Gardening is one of the most positive hobbies that a person can have. Just consider how productive it is – how many hobbies help you feed your family? Or protect them from harmful pesticides or GMOs? You certainly won’t get that benefit from rec-league softball!
Now that the summer is coming, it’s a critical time for your garden. This is when plants and vegetables can truly flourish; if you know what you’re doing. And we want to help you be an expert gardener. That’s why we’re presenting these six simple summer gardening tips:
1. Water in the Morning
This will help with evaporation and ensure the roots absorb enough water before the weather warms up.
2. Water Sparsely
This might go against what you’ve learned about gardening, but watering should actually be done infrequently; about once a week, really. There’s no benefit to overwatering, and it might actually overwhelm and drown your plants.
3. Be Vigilant With Weeds
Weeds are not only unattractive, they also steal precious soil space and resources from the plants you actually want. That’s why you should pull weeds constantly, and consider using some weed killer as well (if you’re OK with chemicals).

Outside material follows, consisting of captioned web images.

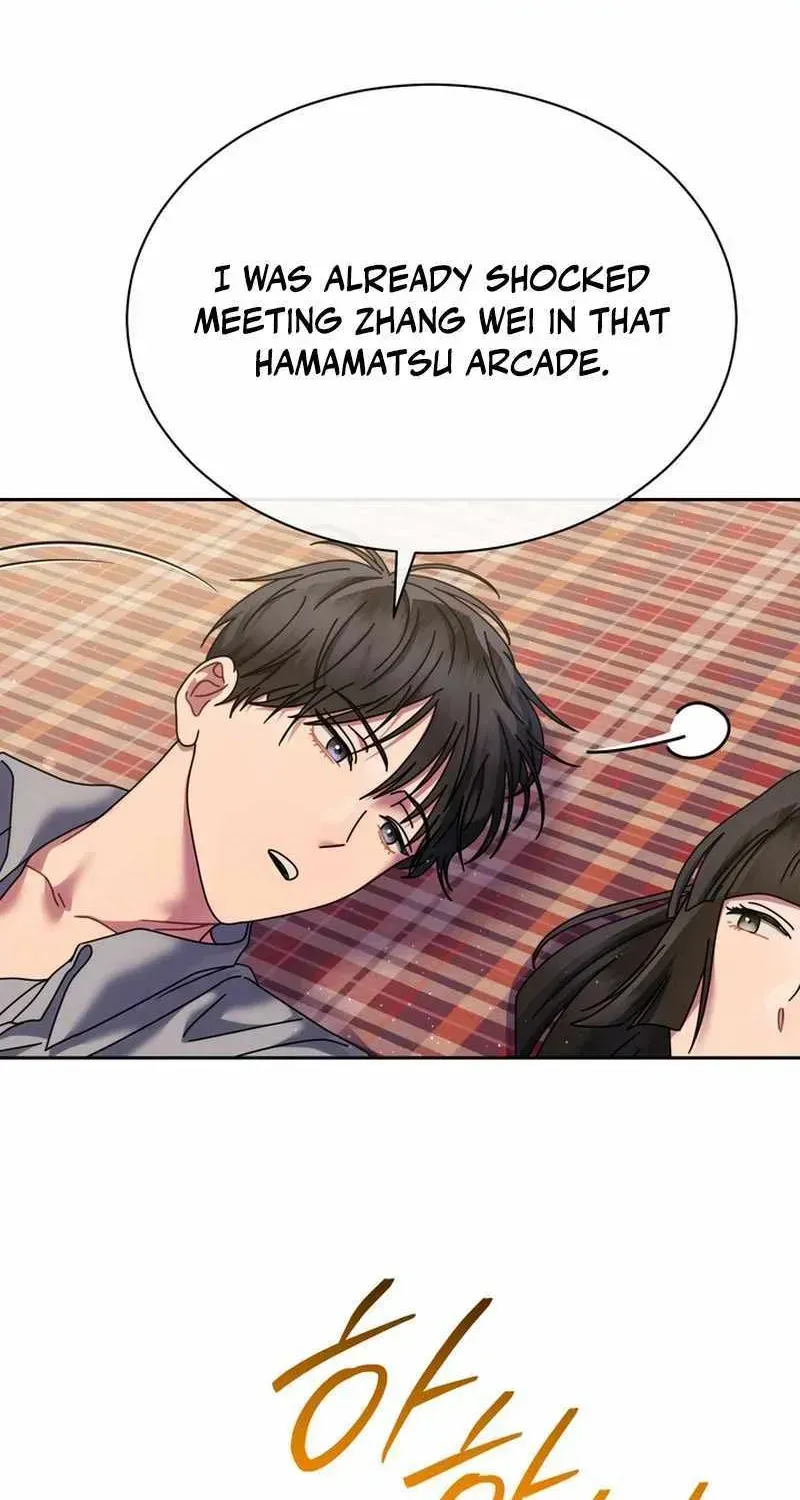 High School Musical Genius Is Paganini Reincarnated Chapter 87 Page 65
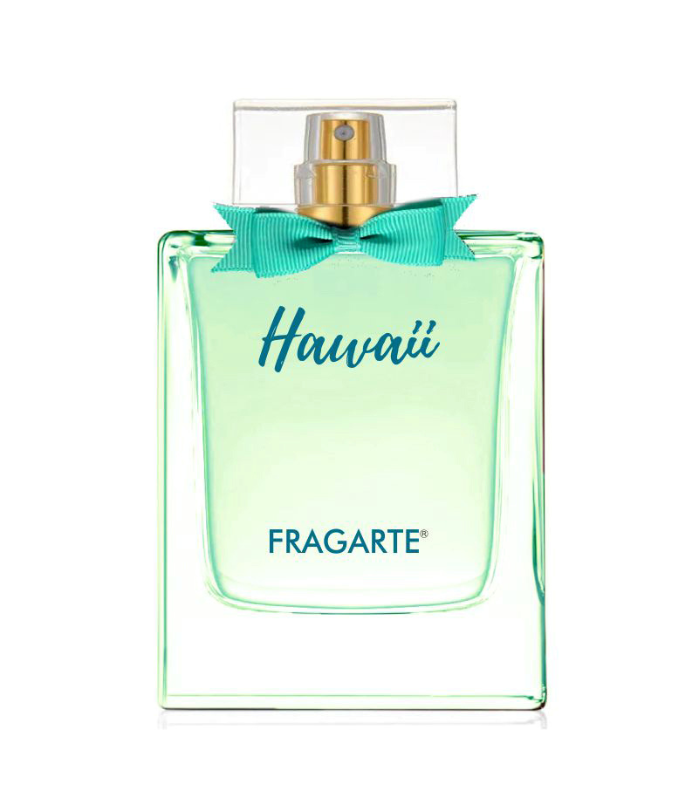 Fragarte Hawaii Perfume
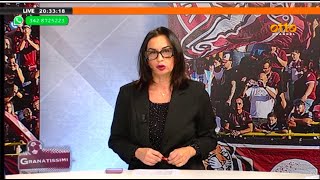 granatissimi la puntata del 17 dicembre 2024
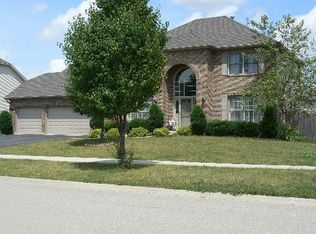 16055 Fairfield Dr, Plainfield, IL 60586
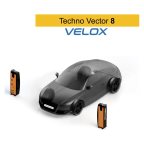  Техно Вектор  T 8102 VELOX мни (0)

4. Look Out For Signs of Pests
Seeing a pest isn’t always a problem – pests are attracted to gardens, that’s nothing new. But if you see a significant pest presence or notice plants dying, that’s troublesome. You might want to consider using some pesticides to protect your garden. We have some additional pest-fighting tips here.
5. Be Mindful of Disease
Even if pests aren’t an issue, trees and plants can still become diseased pretty easily. All it takes is some fungal spores to be carried by the wind and suddenly you’ve got a sick plant. Monitor plants and trees closely, and contact us at the first sign of illness. Sometimes these plants can be saved, but only if we act quickly.
6. Don’t Forget to Fertilize – But Just a Bit
If some is good, more is better, right? Not always. The best time for fertilization is actually before the summer, when the plants are still growing. You can add a little more from time-to-time, but fertilizer is more of an aid at this point. If you over-fertilize now, you run the risk of “burning” the plants, which is bad news.